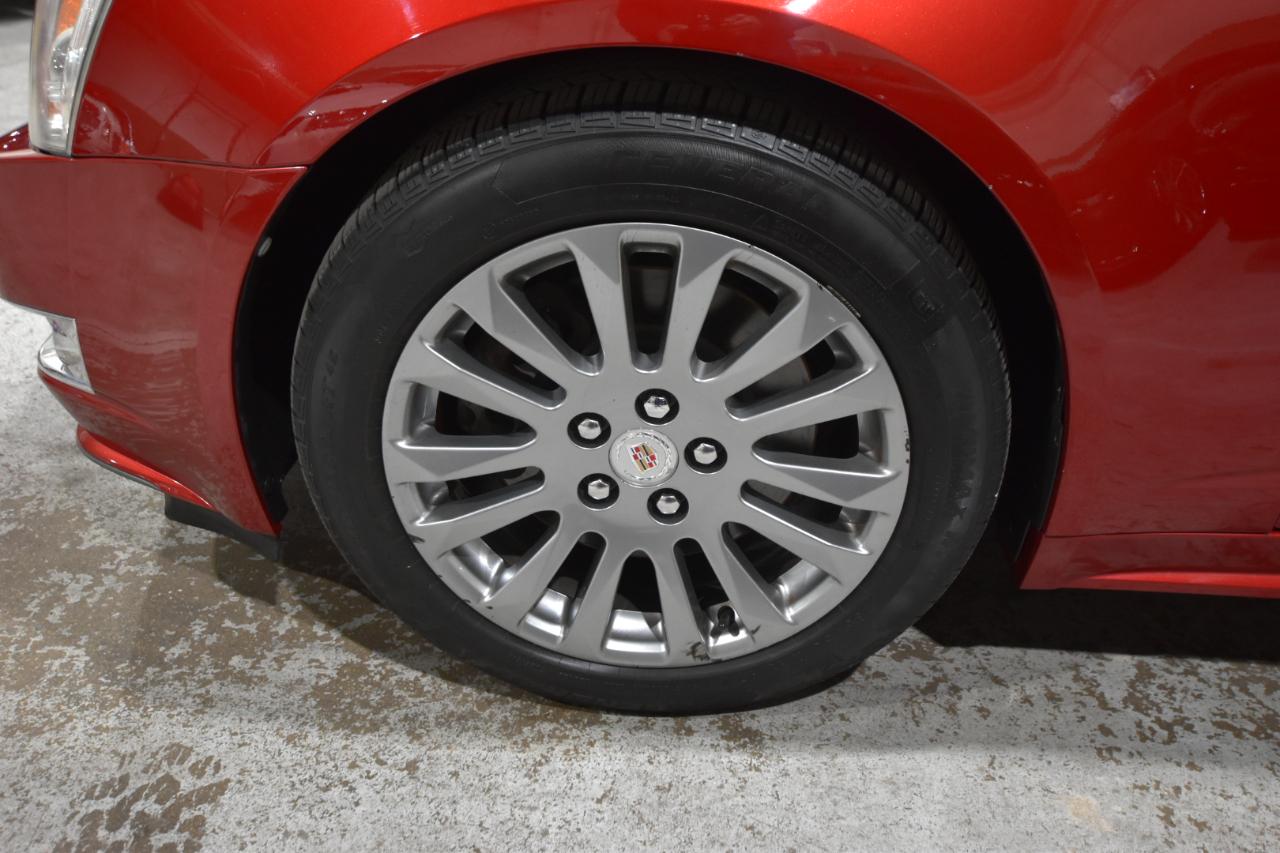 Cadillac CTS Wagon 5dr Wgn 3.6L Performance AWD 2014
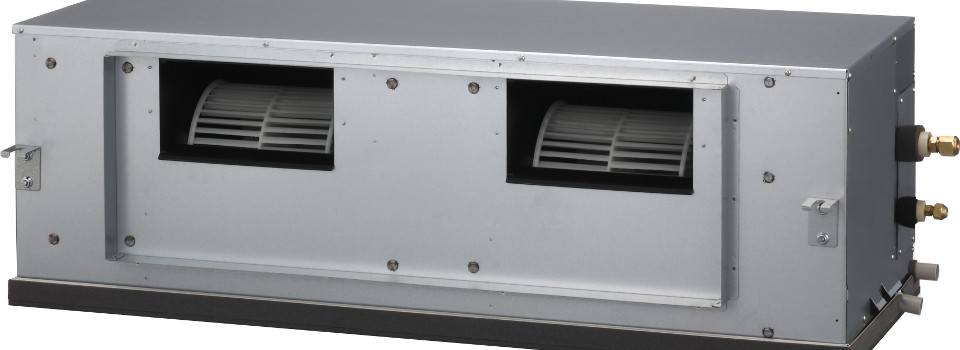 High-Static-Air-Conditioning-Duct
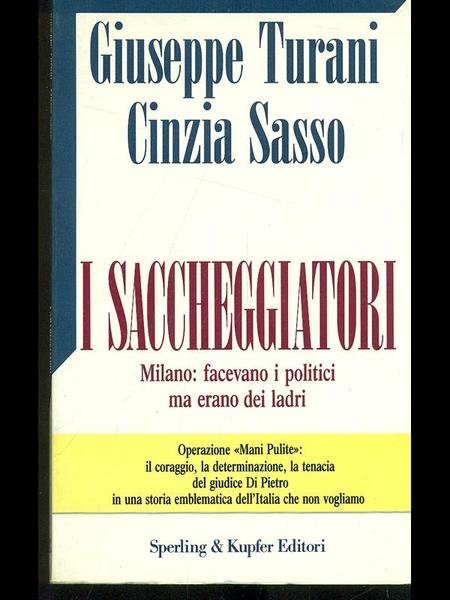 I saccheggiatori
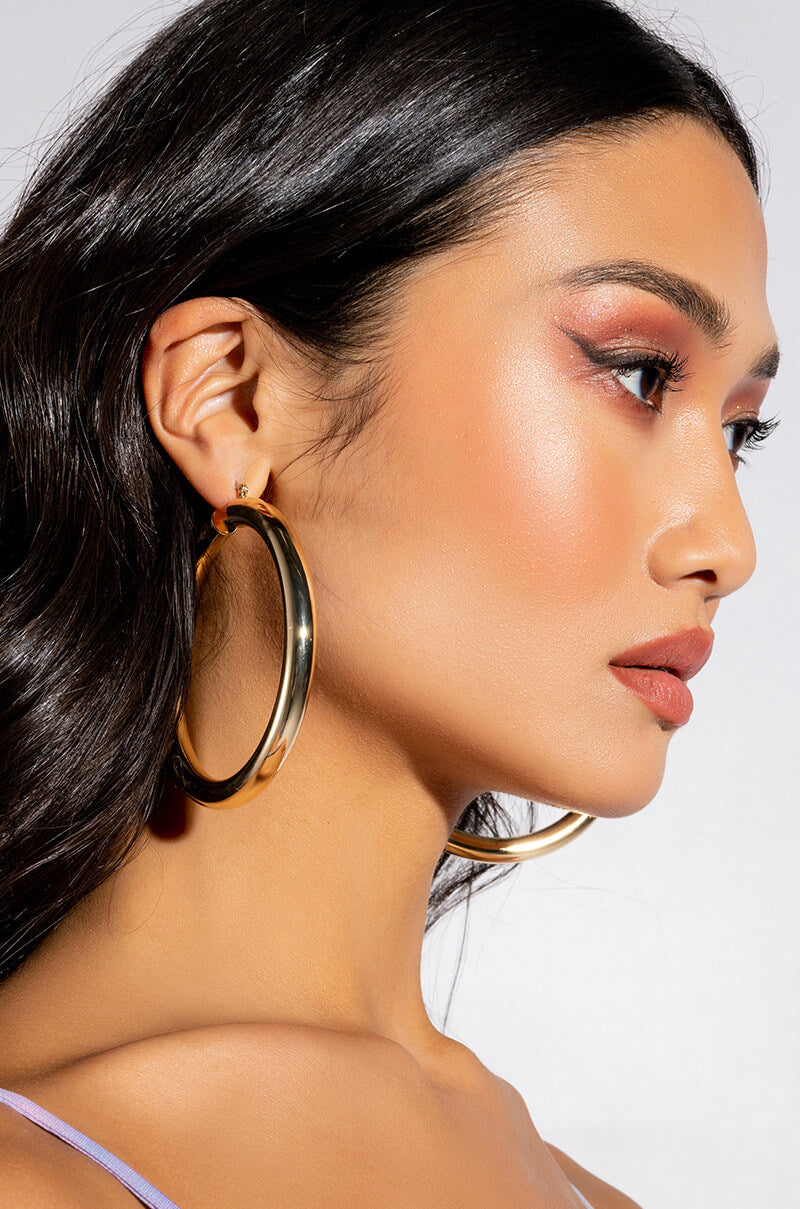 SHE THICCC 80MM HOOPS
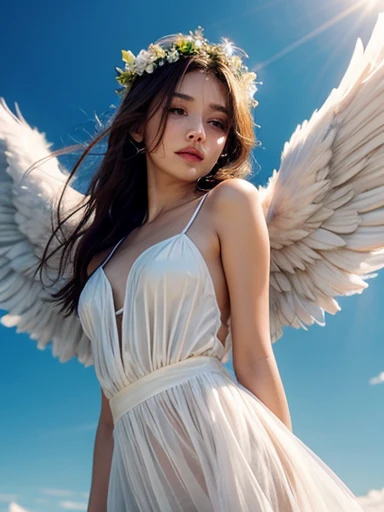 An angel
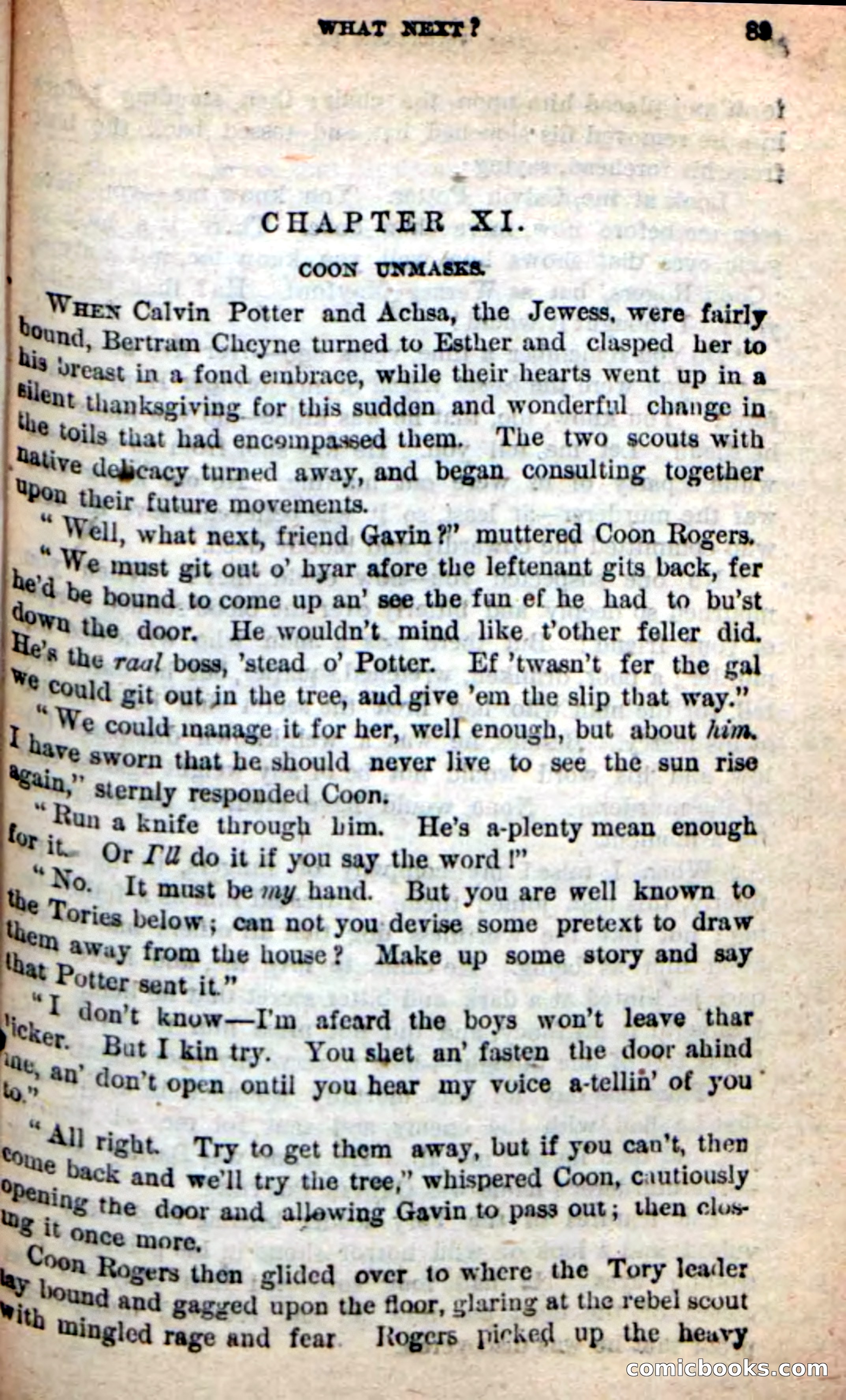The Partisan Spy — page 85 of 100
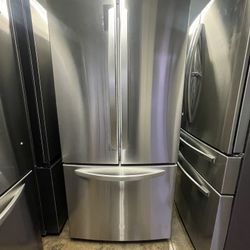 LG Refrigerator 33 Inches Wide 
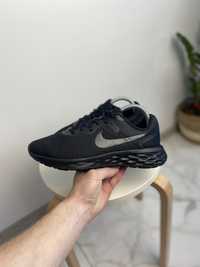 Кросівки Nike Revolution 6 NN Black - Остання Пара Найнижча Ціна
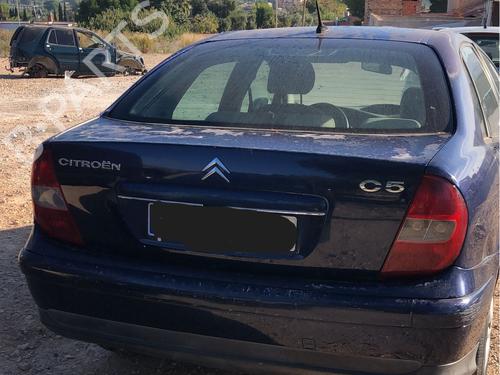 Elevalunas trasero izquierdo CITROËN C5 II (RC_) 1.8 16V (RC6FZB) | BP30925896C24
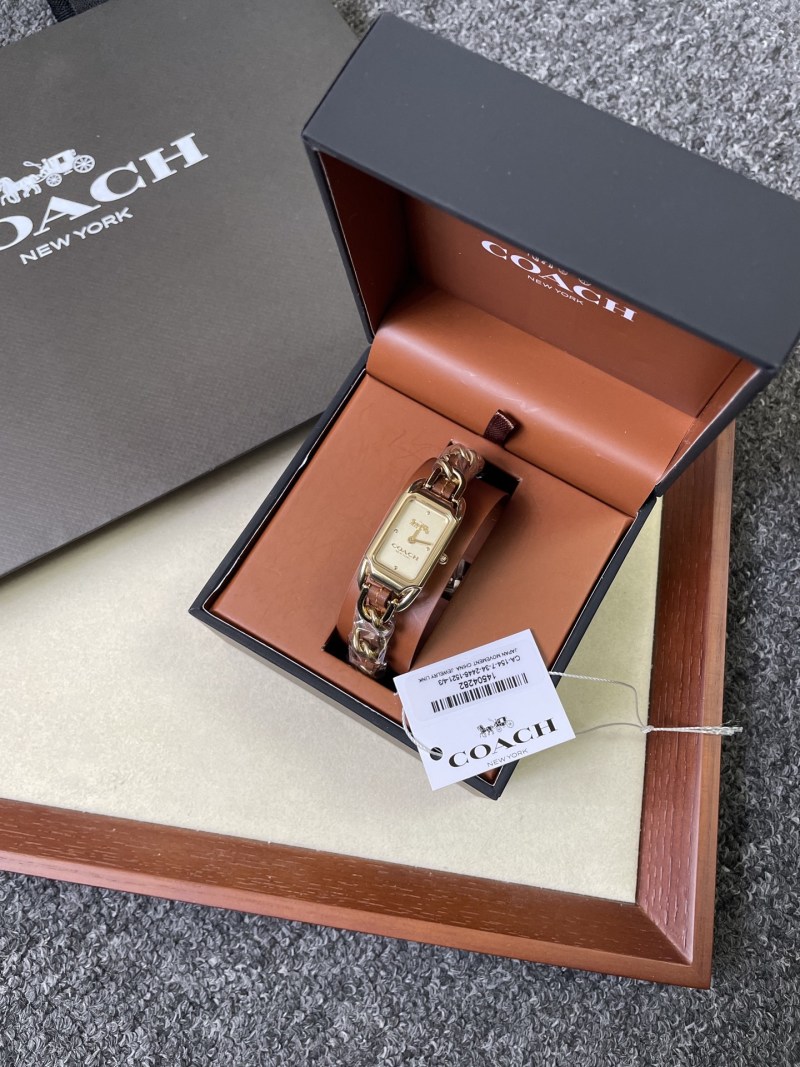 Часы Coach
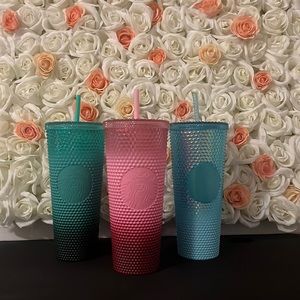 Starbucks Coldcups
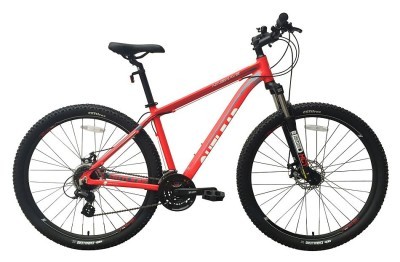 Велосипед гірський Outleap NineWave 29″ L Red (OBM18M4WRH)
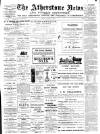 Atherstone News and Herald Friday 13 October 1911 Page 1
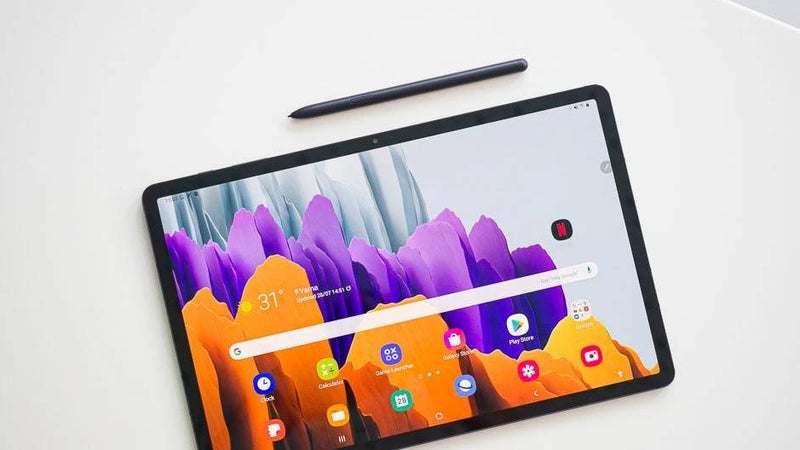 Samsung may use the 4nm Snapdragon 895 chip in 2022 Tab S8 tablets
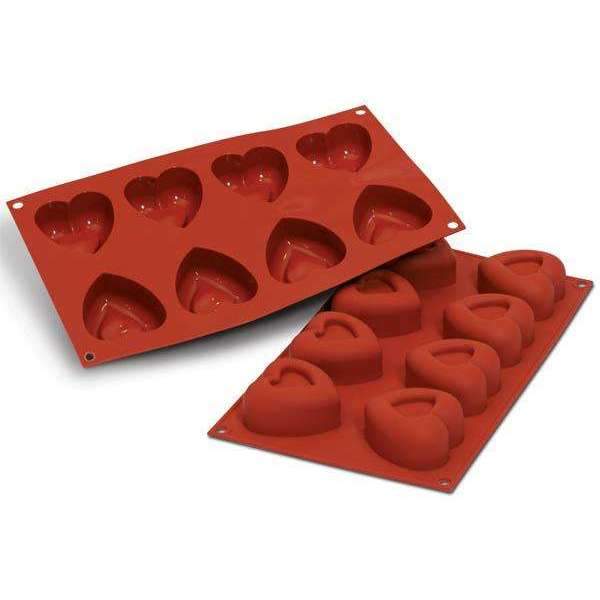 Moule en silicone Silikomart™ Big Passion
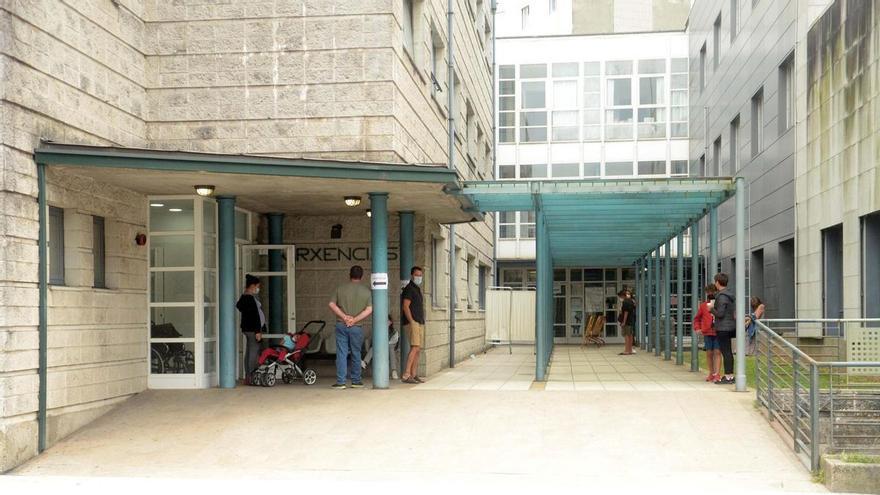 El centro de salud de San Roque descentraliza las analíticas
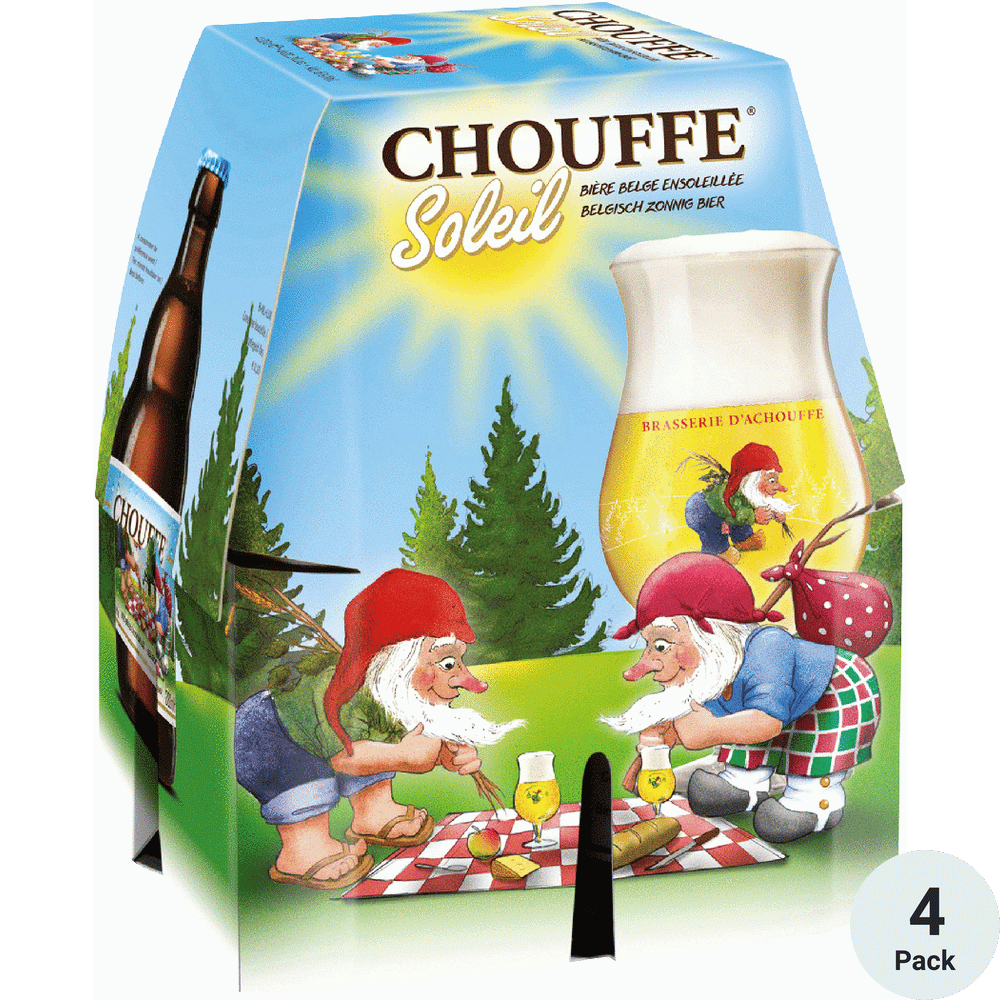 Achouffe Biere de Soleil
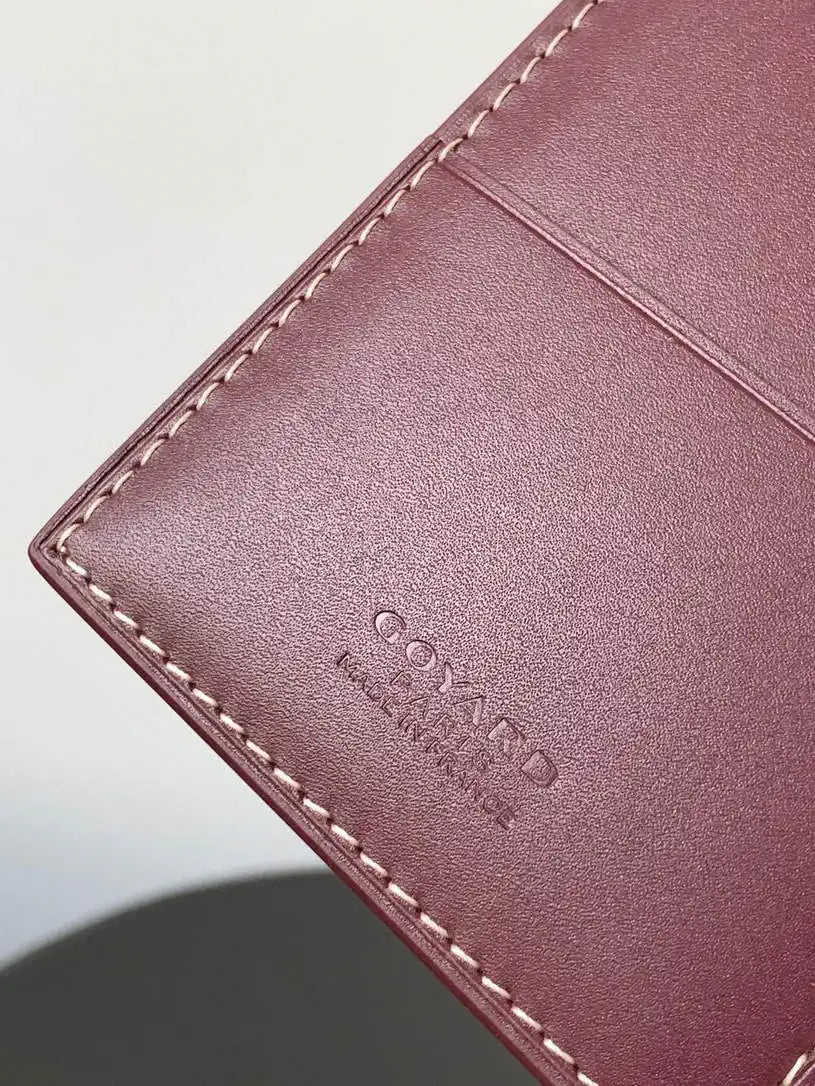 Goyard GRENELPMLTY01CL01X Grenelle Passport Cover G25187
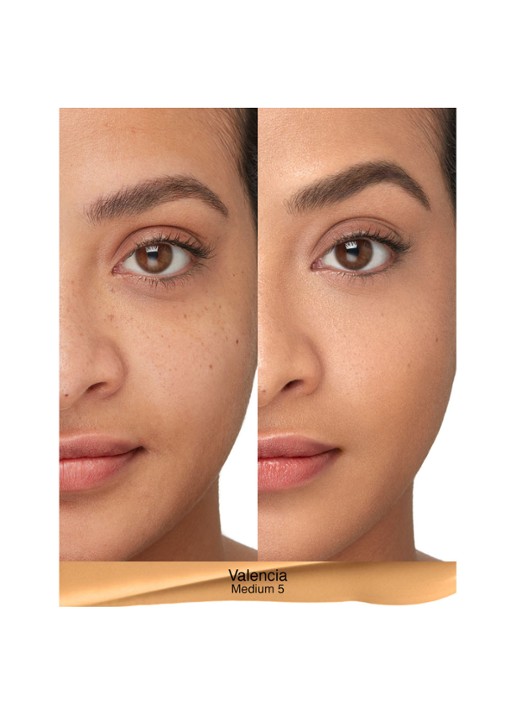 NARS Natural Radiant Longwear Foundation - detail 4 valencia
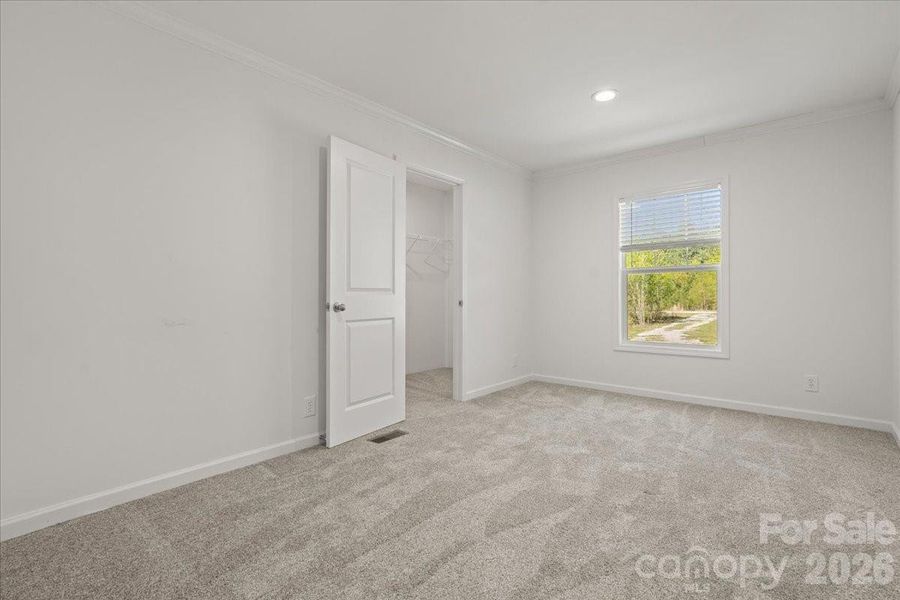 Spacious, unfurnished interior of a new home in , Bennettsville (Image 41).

#### [Your assignment]
A verbatim copy of the data, pictures removed, is the expected result.

#### [Your solution]
 Cadillac CTS Wagon 5dr Wgn 3.6L Performance AWD 2014
 High-Static-Air-Conditioning-Duct
 I saccheggiatori
 SHE THICCC 80MM HOOPS
 An angel
The Partisan Spy — page 85 of 100
 LG Refrigerator 33 Inches Wide 
 Кросівки Nike Revolution 6 NN Black - Остання Пара Найнижча Ціна
 Elevalunas trasero izquierdo CITROËN C5 II (RC_) 1.8 16V (RC6FZB) | BP30925896C24
 Часы Coach
 Starbucks Coldcups
 Велосипед гірський Outleap NineWave 29″ L Red (OBM18M4WRH)
 Atherstone News and Herald Friday 13 October 1911 Page 1
 Samsung may use the 4nm Snapdragon 895 chip in 2022 Tab S8 tablets
 Moule en silicone Silikomart™ Big Passion
 El centro de salud de San Roque descentraliza las analíticas
 Achouffe Biere de Soleil
 Goyard GRENELPMLTY01CL01X Grenelle Passport Cover G25187
 NARS Natural Radiant Longwear Foundation - detail 4 valencia
 Spacious, unfurnished interior of a new home in , Bennettsville (Image 41).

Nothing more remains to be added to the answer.